Being back to work again has brought back a number of stories.  Such as the time that a payroll department error seriously over paid me...and they would not take it back.

Oh, I suppose I could have just said "thanks!" and gotten on with life but these are good folks and I wanted to be fair.  So I kept showing up regularly at a rate of $0 an hour until I had worked off my debt.

I was in fact an Indentured Servant.

But it was not until recently that I started thinking about the word "indentured".  It is one of those things you run across way back in middle school history classes and probably never again.  In Colonial days and early American history it was fairly common for people of modest means to sign a contract with a rich person.  Pay for my passage to the new world, give me Room and Board and I will work for you for a set number of years.

It had about it a slightly disreputable air but I think that is because the implication was that it was somewhat like a watered down version of slavery.  For Caucasians.  In that context my first thought on the word's origins was negative.  Indenture sounds rather as if someone was caught in the no doubt sharp teeth (Latin dentis) of a cruel master.  But that's not right.

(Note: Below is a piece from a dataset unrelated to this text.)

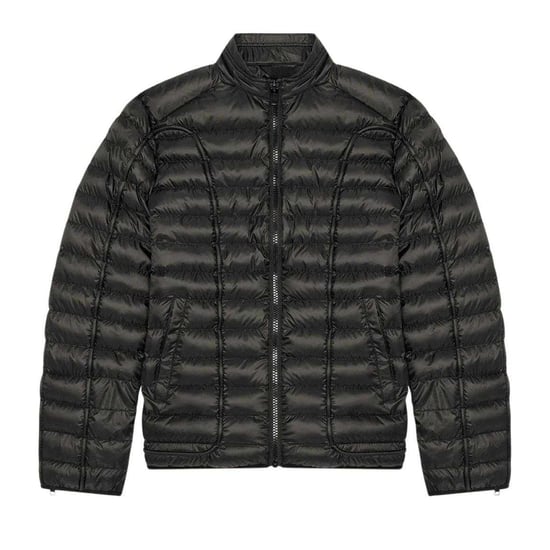 Diesel Unisex Volwassen Gewatteerde Jas (Zwart) - Image 1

The term goes back to the Middle Ages, but not so far back that relationships were entirely predatory. By the late 14th century a master craftsman and an apprentice would have an actual written contract drawn up.  It would be on a big piece of parchment with identical text on either end of it.  The blank space between the two blocks of text would then be cut in a zig zag pattern and each party to the deal got one end of the now divided document.  If there was ever a dispute about details each side would bring their copy before a judge and if the serrated sections matched up it was clear that each party held a valid legal document.

The word comes to us from Latin via the Old French stopping point endenteure. This source also gives us "indent" and the meaning in each case is that something looks as if it has tooth marks on it.

Later versions were obviously rather stylized and simplified.  As this does not appear to mar the text of the document I see no reason I cannot take a scissors to the top edge of my contract and make a similar modification.  This of course would only be for my personal amusement but I often find that quite sufficient reason for doing something.